If someone else asked for a review and Inland Revenue changed the child support you receive, you can appeal the decision in the Family Court.

You need to appeal within 2 months of the decision.

Get a Departure Order from the Family Court

A Departure Order is a written decision from the Family Court that tells Inland Revenue to assess your child support differently. You can apply for this at any time after an administrative review decision.

You can ask the Family Court for a Departure Order if Inland Revenue has:

  • made a decision about your application for an administrative review, you’re the person asking for the review (applicant) and you disagree with that decision or
  • refused to make a decision on your case because of its complexity and you’re the person asking for the review (applicant) or the person it affects (respondent).

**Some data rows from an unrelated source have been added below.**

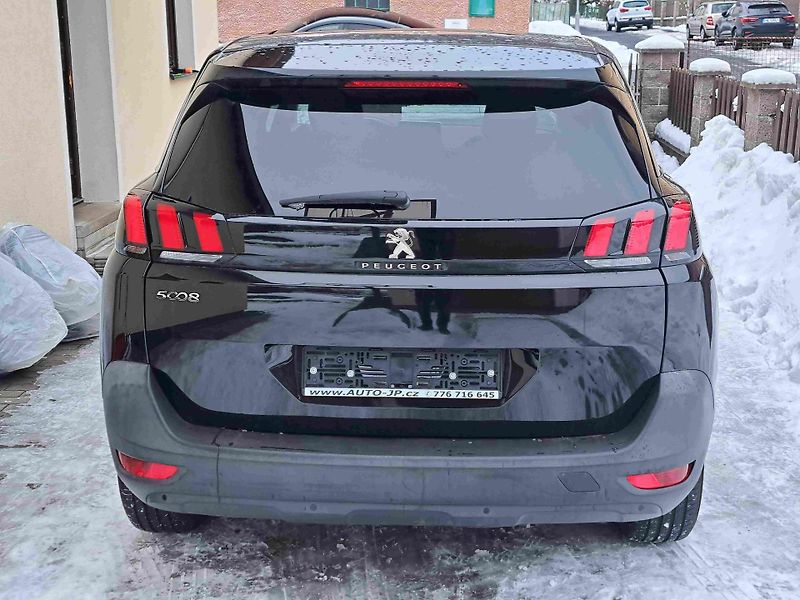 Peugeot 5008 (2020) 1,2 PT EAT8 17ALU PDC NAVI - fotka 4 z 24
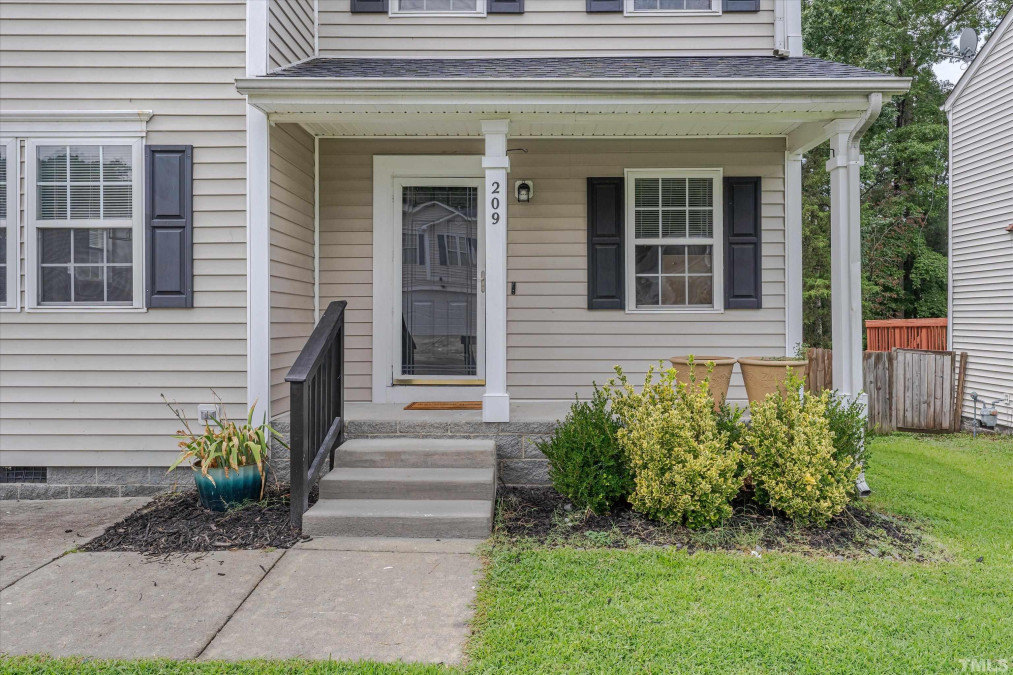 209 Gladstone Dr, Durham, NC 27703 Raleigh Realty
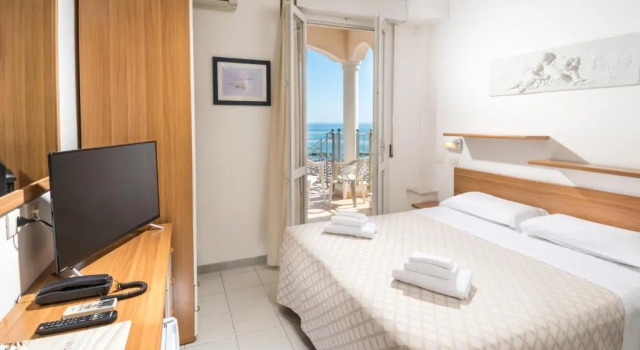 Двухместный номер Standard с видом на море Hotel Continental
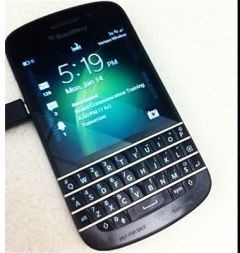 BlackBerry X10 Qwerty Menampakkan Diri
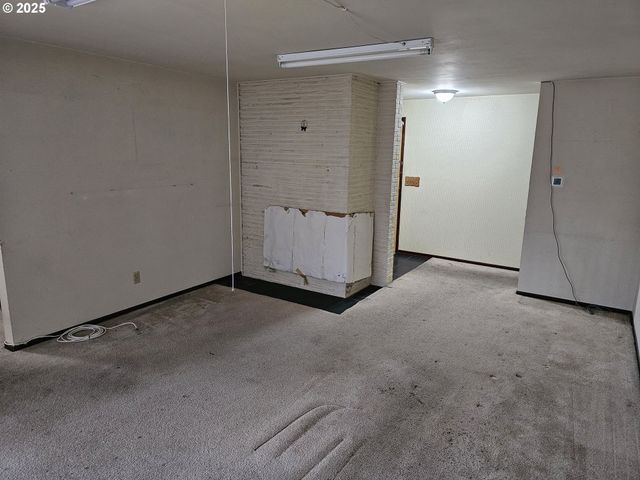 2115 Ne 144TH Ave, Portland, OR 97230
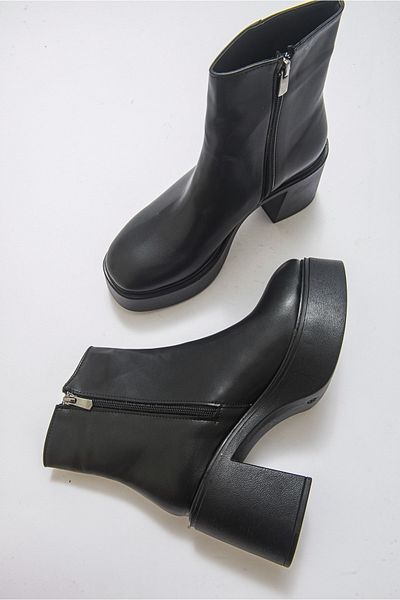 LuviShoes Dámske čižmy West Black Skin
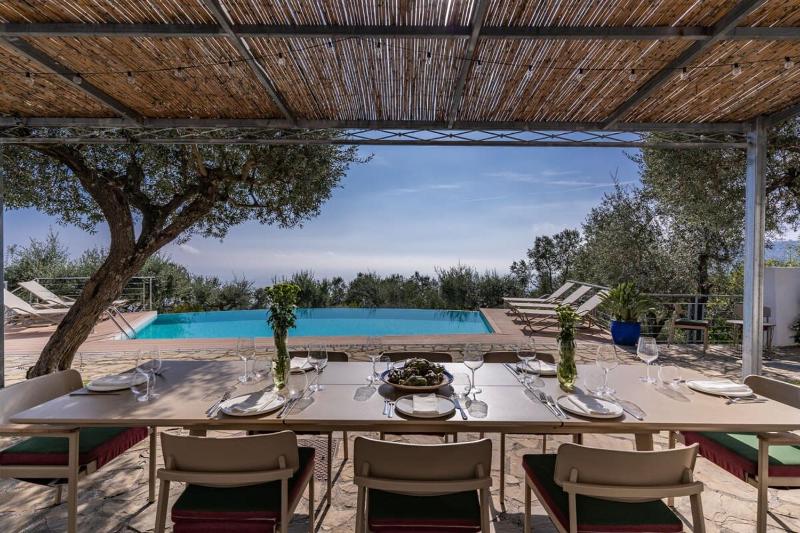 Villa Chez Piè Panoramic Views Pool and Guest Services - image 35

If you’re a paying parent, you can’t apply for an assessment of less than the minimum weekly payment of child support.

Apply for a Departure Order

Appeal Inland Revenue’s decision in the Family Court

If you decide to appeal Inland Revenue’s decision, you need to do this within 2 months of the decision.

There are a number of reasons for an appeal:

  • If Inland Revenue hasn’t accepted an application for a formula assessment when you believe they should have or it has accepted an application for a formula assessment when you believe they shouldn’t have.
  • If you believe Inland Revenue acted wrongly by:
    • not accepting the estimate you’ve made of your current income
    • charging penalties resulting from that estimate
    • accepting or refusing to accept an application for a voluntary agreement, a variation of one or a change of circumstances
    • refusing to exempt you from child support payments or to refund overpayments
    • granting or refusing to grant a suspension of child support payments.
  • If you’re the paying parent and the information shown on an assessment notice about your income, child support or amount or number of days the child support is payable are wrong.
  • If the assessment doesn’t take into account a provision of the Child Support Act 1991.
  • If you’re the person who applied for an exemption review and the Commissioner has refused to accept your application.
  • If you’re a paying parent or custodian and you disagree with the Commissioner’s decision following a review.
  • If you’re the respondent in an administrative review and you disagree with the Commissioner’s decision following the review hearing.